Coming back to Gadar 2. How was your experience working with Udit Narayan?


Udit ji actually was like a bundle of energy in the studio. I’m so proud of him to say that he is one of the finest singers of our country today after all the work that he has done. He has worked for 43 years. After that for him to have the urja, to have the passion in the studio, was really inspiring. He would actually come and spend hours with me to rehearse, to understand my thought process, to understand the new production design that I created. And to see his commitment, dedication, it was just so inspiring for me. And today when people are loving him all the more, he is all over the country, I just feel he completely deserves it. And I feel so proud that I took a stand. It was my idea that Udd Jaa Kaale Kaava should be retained in Udit Narayan’s voice. I feel very proud of that actually.
How would you describe your 18-year-old journey as a musician?

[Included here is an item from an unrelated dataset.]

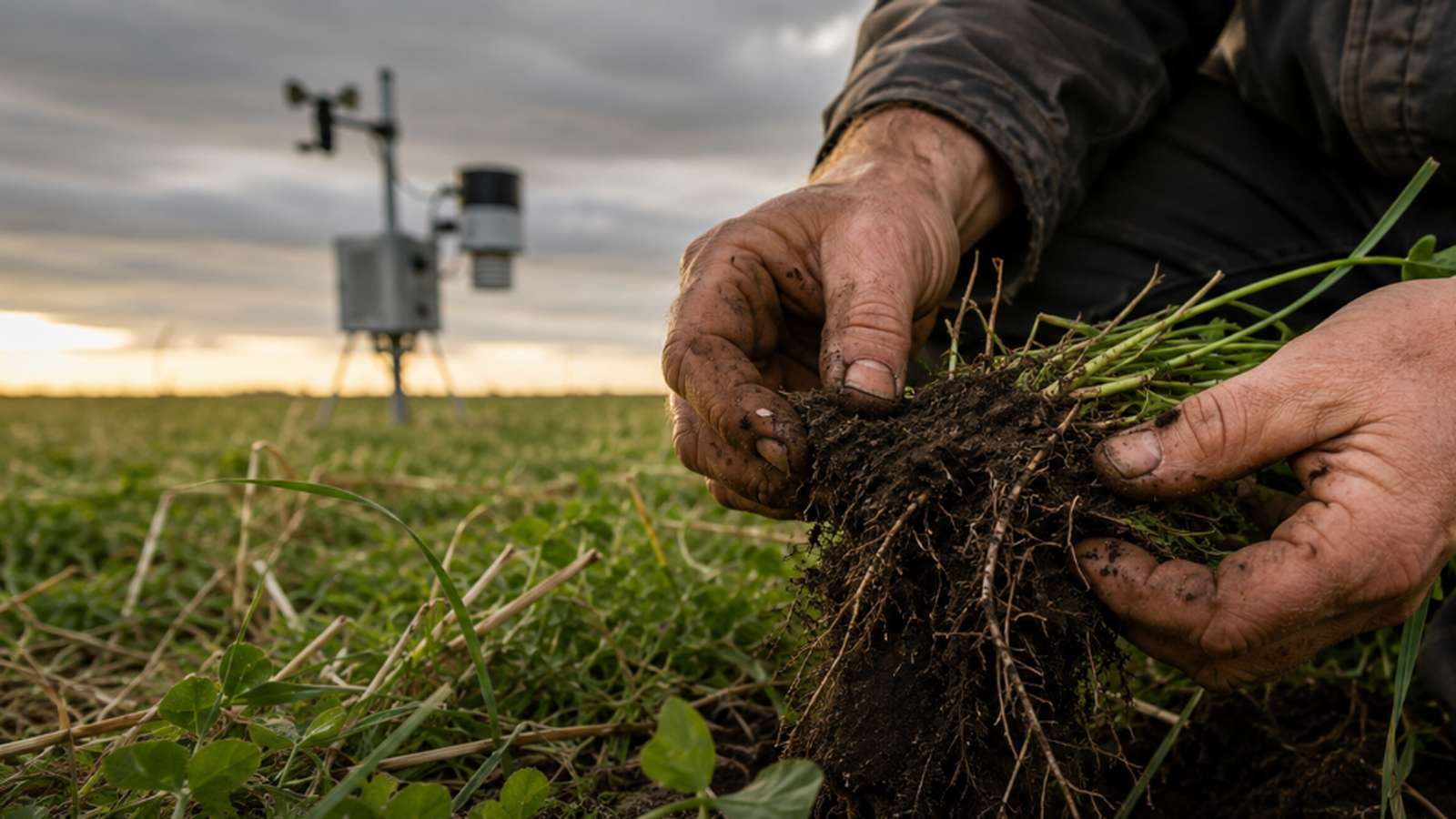 Soil-stained hands examine a rooted cover crop in a field, with a weather and soil sensor station in the background.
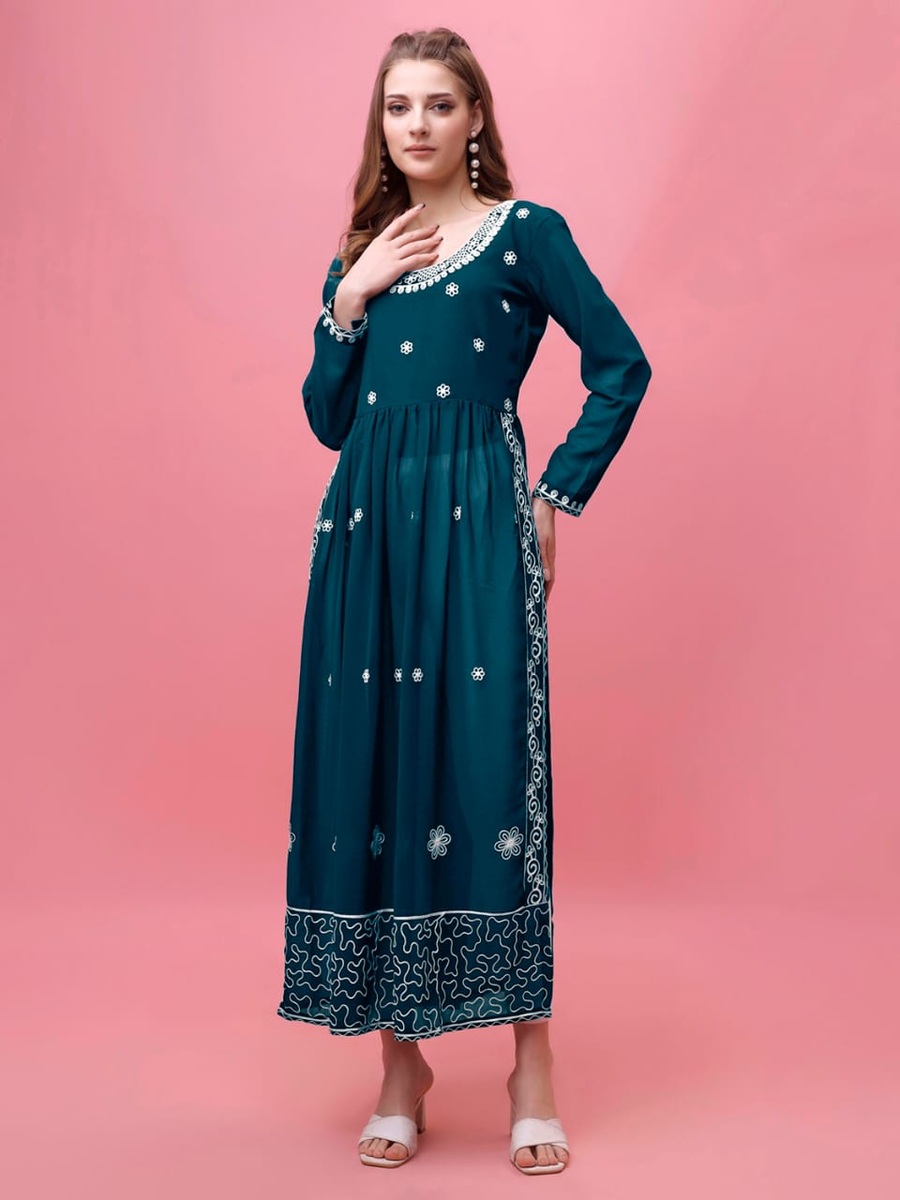 3DESIGNER GEORGETTE EMBROIDERY WORK KURTI CASUAL WEAR WHOLESALE PRICE ETHNIC GARMENT (22)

I just don’t know what more I could ask for. I just thank God everyday. Because as a teenager when I saw my father working and when I decided to be a Hindi film composer, this was what I wanted life to be. Listening to or seeing the lives of all the great composers, seeing the works of Madan Mohan, RD Burman, Laxmikant–Pyarelal and later on AR Rahman sir. Seeing them work and create this magic on cinema, this is what I wanted to do. I was never in it for fame. I was never in it for social media. I just wanted to make music and just make this my life. And today when my life is only about this. And today when I see people stand up, dance, clap and listen to the music I have created, I just feel extremely grateful. I feel that God has given me more than what I could imagine.

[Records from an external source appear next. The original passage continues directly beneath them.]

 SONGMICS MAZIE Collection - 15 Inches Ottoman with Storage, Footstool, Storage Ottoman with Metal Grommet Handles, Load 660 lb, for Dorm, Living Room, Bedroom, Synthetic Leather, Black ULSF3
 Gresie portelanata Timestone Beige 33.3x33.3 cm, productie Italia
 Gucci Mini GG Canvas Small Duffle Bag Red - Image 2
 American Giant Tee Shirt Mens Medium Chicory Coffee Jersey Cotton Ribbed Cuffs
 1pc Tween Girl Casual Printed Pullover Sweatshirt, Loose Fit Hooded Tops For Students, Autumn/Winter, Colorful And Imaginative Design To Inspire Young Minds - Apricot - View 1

Has it ever happened where people recognised your songs but they don’t know who the composer is?
I actually don’t have that kind of a negative perception at all. I can speak personally for myself. I feel that I have received more love than I can handle wherever I go. Even when I am travelling. I was in the UK last month. And even when I was walking on the streets, I had people walk up to me and tell me about songs which I myself had forgotten about. I have millions of people who follow me on Spotify and I love that app because it is only about music. It’s not about your opinion. It’s not about your pictures. It’s not about any other drama. It’s only about the music. So I don’t have that kind of negative opinion on that. I am very grateful for the way my life is. And how people have responded to me and to my work. And even if it happens at some point where somebody might not remember my name, I still don’t mind it. Because ultimately it’s about my music. That’s who I am. As long as they have heard my work and they are loving it, I am just grateful about it. Nothing can change the fact that it’s still my song. And I am the creative father of the song. So I just feel all happy.

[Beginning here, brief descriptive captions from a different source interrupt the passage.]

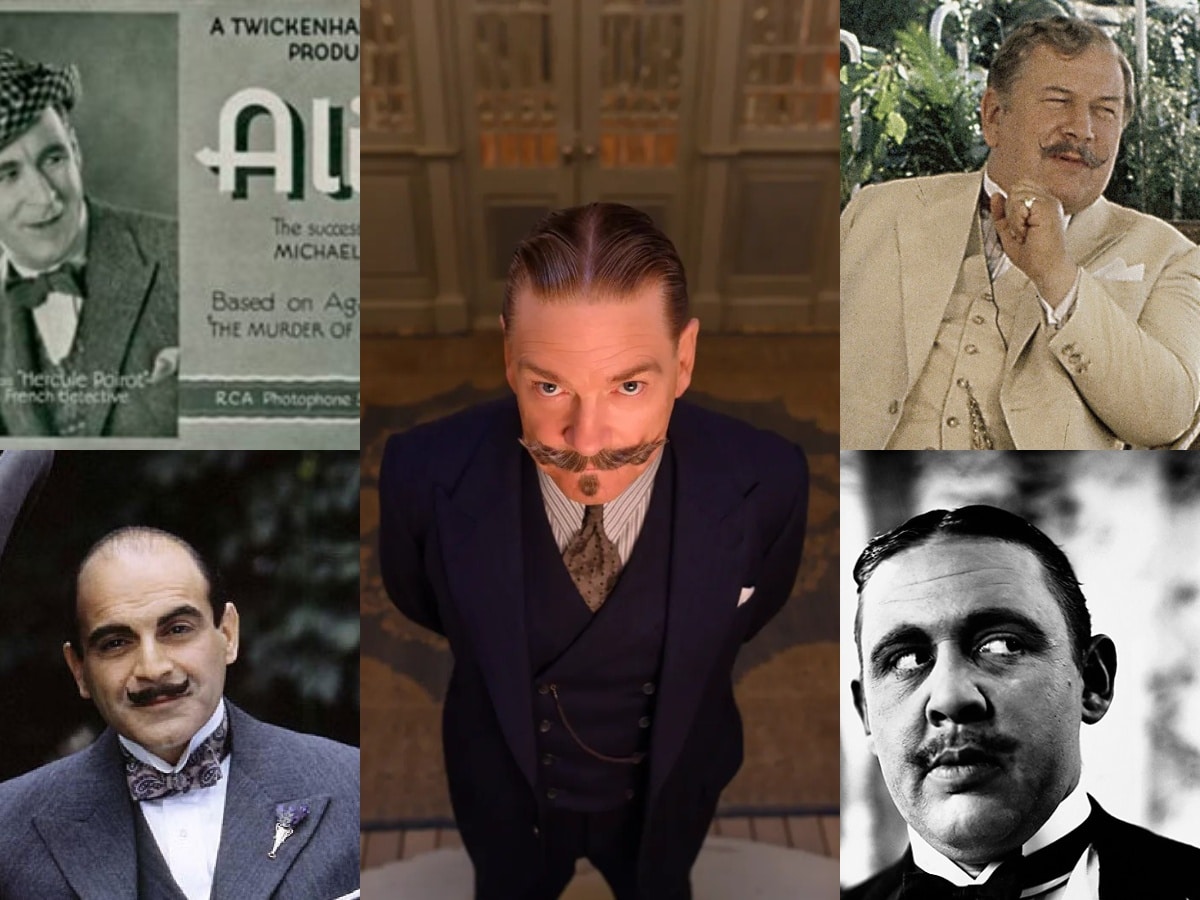 Hercule Poirot, as portrayed by (from top left) Austin Trevor, Kenneth Branagh, Peter Ustinov, Charles Laughton and David Suchet. Hercule Poirot, as portrayed by (from top left) Austin Trevor, Kenneth Branagh, Peter Ustinov, Charles Laughton and David Suchet.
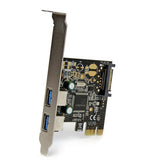 StarTech.com Adaptador Tarjeta Controladora PCI Express PCI-E 2 Puertos USB 3.0 con Alimentación SATA Tarjetas y adaptad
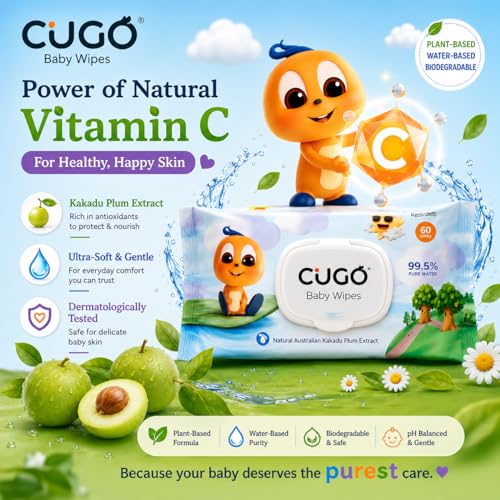 Image of Baby Wipes, Gentle on Sensitive Skin, Plant-Based Fabric, 99.5% Water-Based, Natural Australian Kakadu Plum Infused, Dermatologically Tested, Newborn Safe, Biodegradable | Pack of 4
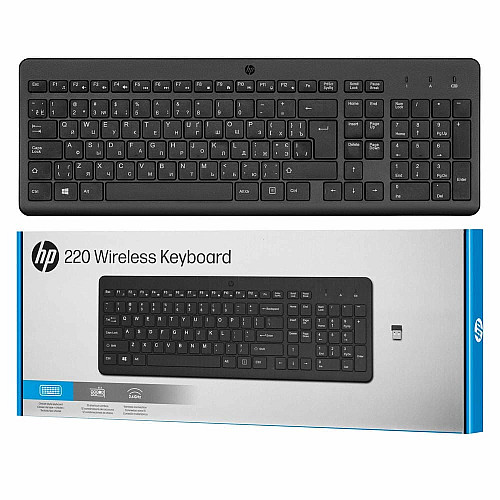 Клавіатура мембранна HP 220, 104key, WL, EN/UK, чорний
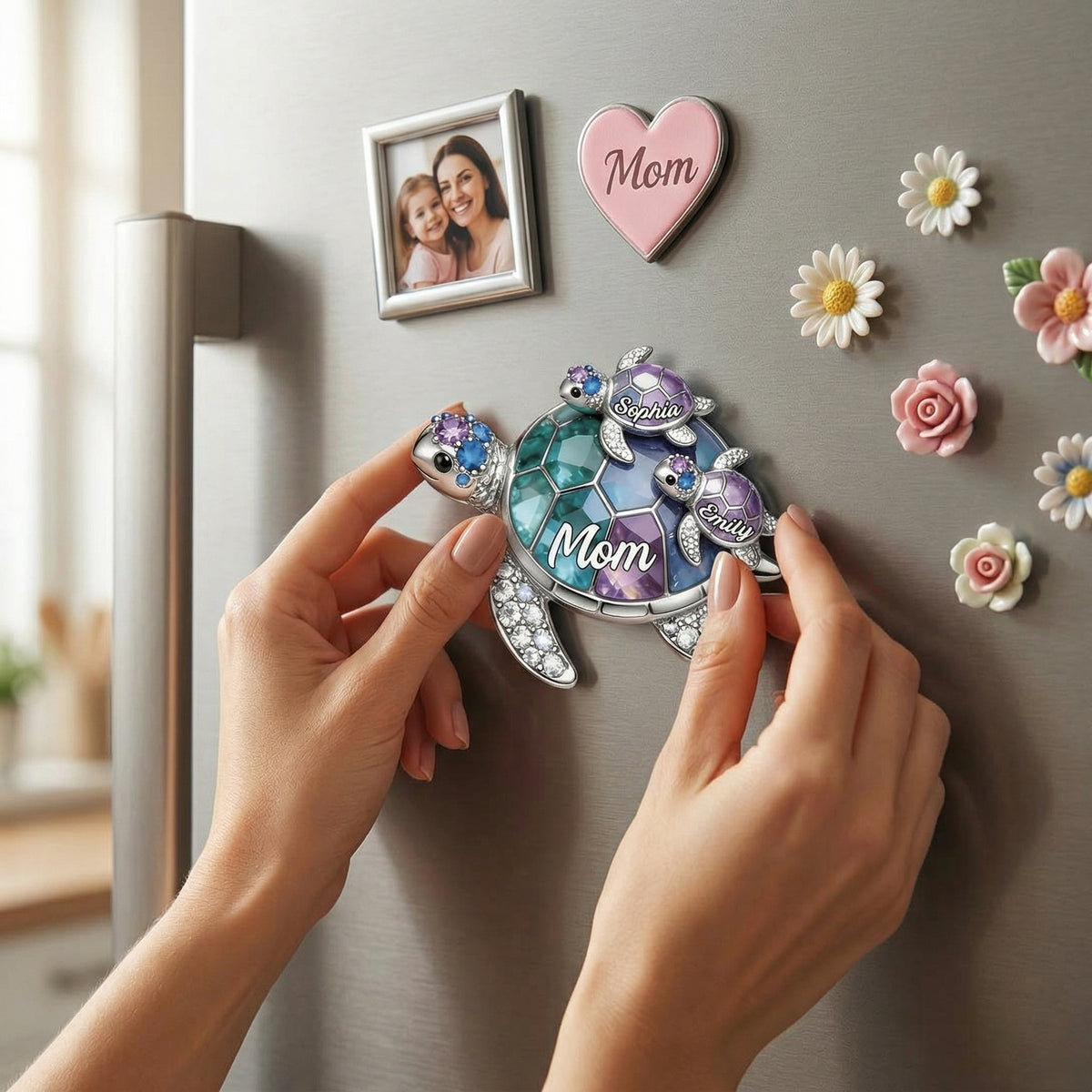 Personalized Grandma/Mom shaped Turtle Fridge Magnet-Gift For Mom and Grandma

Have you faced any kind of injustice in the music industry?
No. I haven’t. I am just grateful for everything that I have been through in my life. And the industry has always given me a lot of love and respect. In fact even today, some people feel that I have a certain creative process of mind to work which can sometimes be a little taxing and a little difficult in terms of working. But I still am very grateful to all my directors who give me the time, who give me the space to do what I want to do. And not only the fraternity, I think the entire country has been so receptive to my music. Like as a 20-year-old composer also what I made, as a teenager also what I created. Back then I created Tere Bin song in Bas Ek Pal and it became an overnight rage. So I have nothing to complain about. I am just grateful. And I have always found love and respect wherever I have gone.